Für die englische »Financial Times« ist der japanische Nationalismus schrill genug, um die Nachbarn des Landes zu beunruhigen. Für sie nehmen heute mehr und mehr japanische Politiker patriotische Themen auf, die früher Spezialgebiete der exzentrischen Rechten waren. Die pazifische Macht, die bereit sei, die Augen vor der ekelhaften Seite des japanischen Nationalismus zu verschließen, seien ironischerweise die USA, diejenige Nation, die Japan im Krieg besiegte und Japan eine pazifistische Verfassung diktiert habe. Japan und die USA kooperierten in der Annahme, dass die unmittelbare Gefahr aus Nordkorea und die langfristige Bedrohung aus China komme.68

Neue Tendenzen in der japanischen Friedensbewegung

Einen Tag nach Beginn des anglo-amerikanischen Angriffs gegen den Irak haben sich in Japan 50.000 Menschen an der Protestdemonstration gegen den Angriff beteiligt. Die Friedensbewegung in Japan war plötzlich wieder da. Am 15. Februar 2003, dem internationalen Aktionstag gegen den Irakkrieg, hatten in diesem Land nur 7.000 demonstriert.

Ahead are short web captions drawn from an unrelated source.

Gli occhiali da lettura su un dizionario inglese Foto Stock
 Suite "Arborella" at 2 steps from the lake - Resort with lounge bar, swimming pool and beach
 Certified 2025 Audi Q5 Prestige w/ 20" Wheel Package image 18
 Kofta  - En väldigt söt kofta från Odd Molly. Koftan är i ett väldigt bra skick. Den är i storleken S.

Es war neu für Japan, dass vor allem junge Leute, oft Ehepaare mit Kindern, demonstrierten, die versuchten, den Aktionen einen optimistischen Charakter zu geben. Statt von Antikriegsdemonstration war von »Peace Parade« oder »Peace Walk« die Rede. Aber gegen diese »harmlosen« Friedensdemonstranten gibt es inzwischen zahlreiche Provokationen und Gewaltakte von Seiten der Polizei. Auch erleben wir immer mehr Willkürmaßnahmen gegen Friedensaktivisten.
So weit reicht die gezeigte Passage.